Much of Simon’s comedy was shaped by his own childhood, growing up in south-east London in the 1970s.
He reveals that he attended a troubled secondary school and that he would make impressions of Fawlty Towers to prevent beating himself. “All comics did that. Most of my comics’ generations would claim that they had no way of stopping their impressions of contemporary comics from getting sucked round the earhole. It’s just a way of surviving, isn’t it”.

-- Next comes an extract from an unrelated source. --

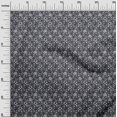 thumbnail image 2 of oneOone Silk Tabby Fabric Leaves & Floral Block Printed Craft Fabric BTY 42 Inch Wide, 2 of 4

Simon has been determined that his own children, with wife Ruth, wouldn’t make the same mistakes he did growing up. He says, “I find it extraordinary that I’m still here someday. I have to stop myself and my son. He’s the loveliest kid, he’s obedient, he’s kind. He’s got a great sense of self, he’s not needy in any way.

Although I was 16 years old when I had a job and was ironing my own pants, I do sometimes feel like going. I once worked as a machinist at the JobCentre on Deptford High Street.
“They are living in a bubble now – which we’ve created. Perhaps the other way around has been too far. I think there has to be some form of hardship”.
A friend said something that stuck with Simon: “bring back 1970s parenting without the shaming”.
He explains: “You’ve got to wash the car, you’ve got to do your chores, but there’s no: ‘ you are absolutely useless. ‘ There’s no need for that. That was probably why there are so many comics of my generation because we had way too much of it when we were young.
Simon is honest about his own shortcomings, admitting that, just as he was finding fame, he was secretly struggling with his spiralling drug habit.
Dope and ecstasy turned to cocaine, which then led to crack, as he chronicled in his 2011 autobiography, Comedy and Error.
And the cast of the Fast Show didn’t realize how disastrous things had become. He claims that he was running with a small crowd when I first watched TV. He was suddenly given some cash to spend.
After England beat Spain in a football match, he refused to apologize to his support act, Dave Gorman, and did not show up for one of his own standup shows. Luckily, meeting waitress Ruth in 1998 changed his law-breaking ways, and through her tough love he got himself sorted out.
“I grew out of it”, he says now. “I don’t really go to pubs anymore”.
Although much has changed since The Fast Show’s 1997 ad, including specials from 2000 and 2014, Simon is eager to reunite for the show’s November national tour. “All the old gang together again, it’ll be fun”, he says.
Fans won’t, however, see their favorite characters becoming adults or, as in Paul Whitehouse’s Rowley Birkin QC case, becoming sober.
“Charlie]Higson] insists we keep it the same as it was, because it’s meant to be a greatest hits, so he doesn’t want jokes about fashionable things”, Simon smiles.
During his downtime, Simon has been working with long-term friend James Ohene-Djan, professor of Computer Science at Goldsmiths University, on MiCode – a QR code that keeps vital medical information and contacts stored in case of emergencies.

“It’s incredibly simple, so much so that I couldn’t believe it hadn’t been invented before”, says Simon, who has experience of caring for his father-in-law with Alzheimer’s. “Our emergency services are so overrun. A&, Es are stuffed, they’re at full stretch. Is a person drunk if you spot him lying on the ground on a Saturday night? Is he on drugs? However, you can determine whether he needs glucose or something else if he has a MiCode.